Quote the whole listing word for word. Do not include the pictures.
-- INFORMATION SUPPLIED follows --
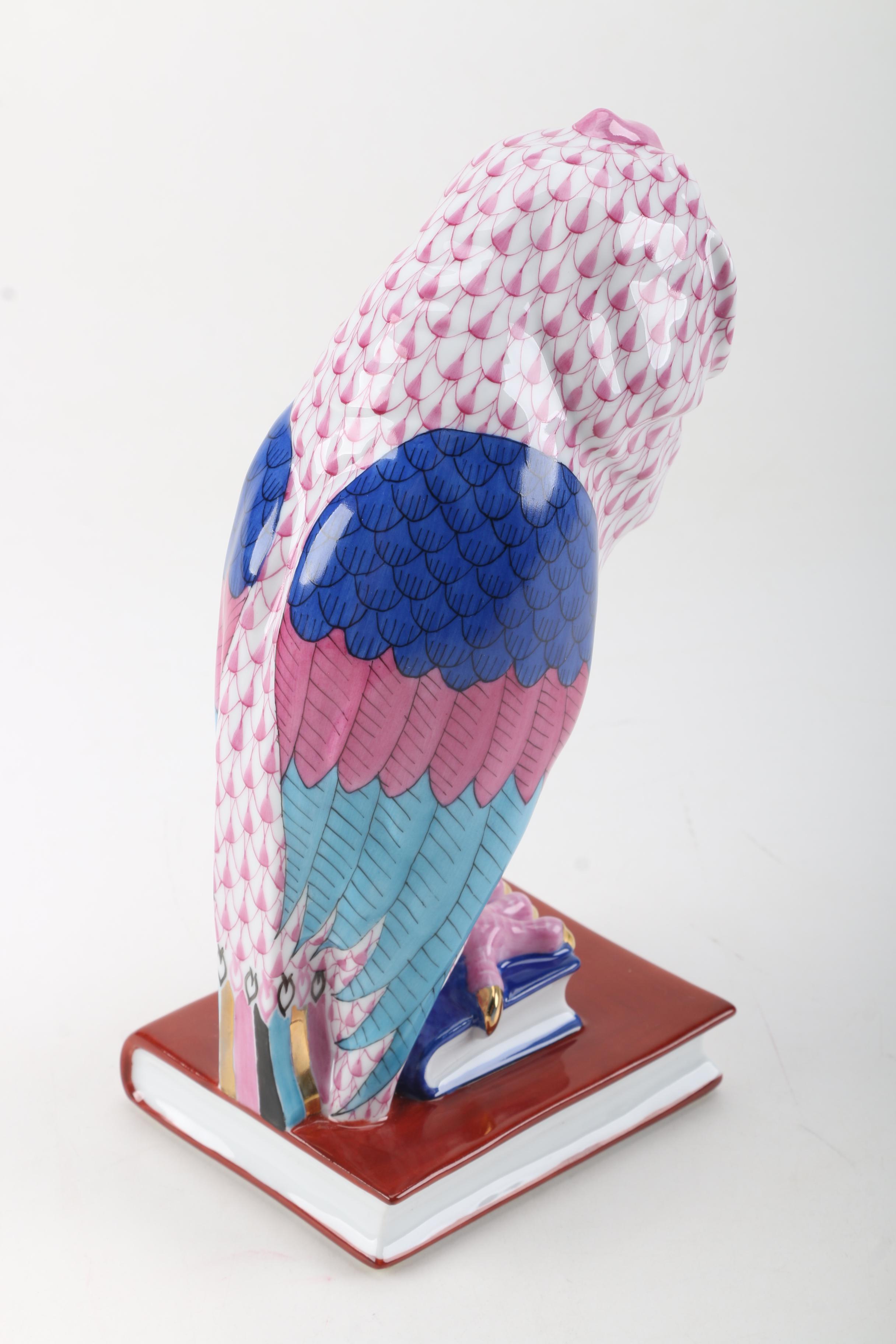 Herend Handmade and Hand-Painted Owl on Books Porcelain Figurine with 24K Gold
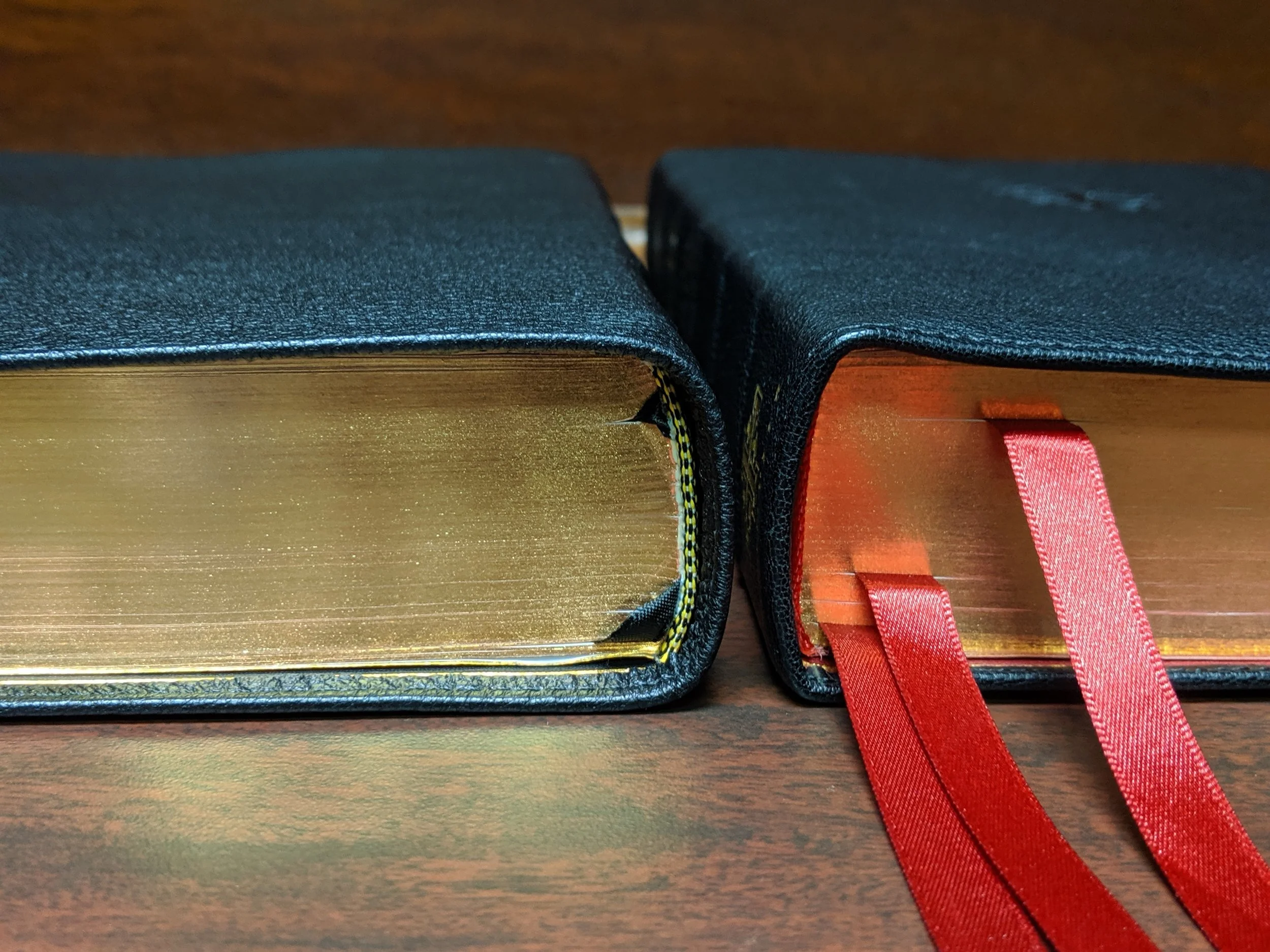 The Credo Quentel (right) may be just slightly thicker than the ESV Preaching Bible.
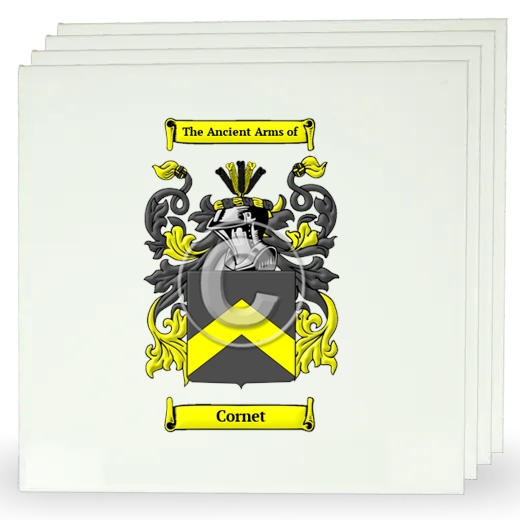 Cornet Set of Four Large Tiles with Coat of Arms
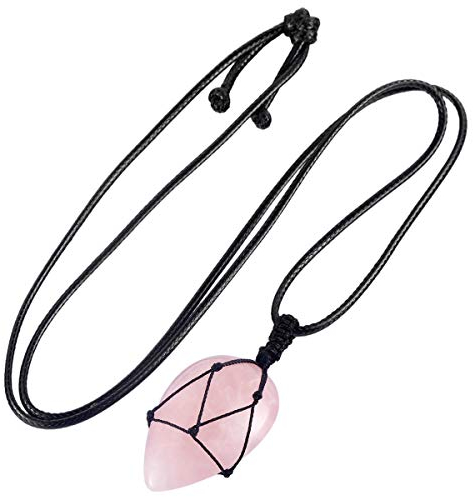 KYEYGWO Unisex Tropfenform Anhänger Halskette, Amulett Reiki Heilung Edelstein Kettenanhänger aus Wassertropfen Rosenquarz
-- INFORMATION SUPPLIED concluded --
• **WORKED SOLUTION**:
 Herend Handmade and Hand-Painted Owl on Books Porcelain Figurine with 24K Gold
 The Credo Quentel (right) may be just slightly thicker than the ESV Preaching Bible.
 Cornet Set of Four Large Tiles with Coat of Arms
 KYEYGWO Unisex Tropfenform Anhänger Halskette, Amulett Reiki Heilung Edelstein Kettenanhänger aus Wassertropfen Rosenquarz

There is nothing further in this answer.